What needs to be done> The expected answer is the set of lines in the data below between the line holding "2024 Kia Sorento S photo 2" and the line holding "Abuelas sinceras con", inclusive, written out exactly.

Raw data>
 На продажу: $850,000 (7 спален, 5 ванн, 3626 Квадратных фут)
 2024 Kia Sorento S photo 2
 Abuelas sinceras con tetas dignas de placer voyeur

* * *

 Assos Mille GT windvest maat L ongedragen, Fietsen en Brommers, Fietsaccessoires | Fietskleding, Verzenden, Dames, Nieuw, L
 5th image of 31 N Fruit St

Problem solution>
 2024 Kia Sorento S photo 2
 Abuelas sinceras con tetas dignas de placer voyeur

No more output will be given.